Seamless development with Kserve
KSERVE is a widely adopted open source inference platform used by many partners and customers. NIM Operator 3.0.0 supports both raw and serverless deployments in KSERVE by configuring inference services custom resources to manage NIM deployment, upgrade and automation. The NIM operator simplifies the deployment process by automatically configuring all the environment variables and resources needed in the Inference Service CRD.
This integration offers two additional benefits:
- Intelligent caching using NIM cache reduces initial inference time and automation latency, resulting in faster and more responsive deployments.
- NEMO Microservices supports evaluation, guardrails, and customization to enhance AI systems for delay, accuracy, cost, and compliance.
Figure 4 shows the deployment of the Llama 3.2 1b directed NIM for KSERVE using the NIM operator. Two different deployment methods are shown: Rawdeployment and ServerLess. Serverless deployments incorporate automation capabilities through K8S annotations. Both strategies use the CURL command to test the NIM response.


Start scaling AI inference using NIM operator 3.0.0
NVIDIA NIM Operator 3.0.0 makes scalable AI inference easier than ever. Whether you're using Multi-LLM compatible or multi-node NIM deployments, optimize GPU usage with DRA, or deployment with KSERVE, this release allows you to build high-performance, flexible, and scalable AI applications.

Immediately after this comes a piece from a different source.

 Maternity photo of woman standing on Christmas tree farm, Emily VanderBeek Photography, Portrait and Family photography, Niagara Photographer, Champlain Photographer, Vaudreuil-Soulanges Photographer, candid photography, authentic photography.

Automating deployment, scaling and lifecycle management for both NVIDIA NIM and NVIDIA NEMO microservices, NIM operators make it easy for enterprise teams to embrace AI workflows. This initiative makes AI workflows easy to deploy with NVIDIA AI Blueprints, allowing for faster production movements. The NIM Operator is part of NVIDIA AI Enterprise and offers enterprise support, API stability, and proactive security patching.
Start with NGC or NVIDIA/K8S-NIM-OPERATOR Open Source GitHub Repo. For technical questions regarding installation, usage, or issues, please submit the issue to the NVIDIA/K8S-NIM-OPERATOR GitHub Repo.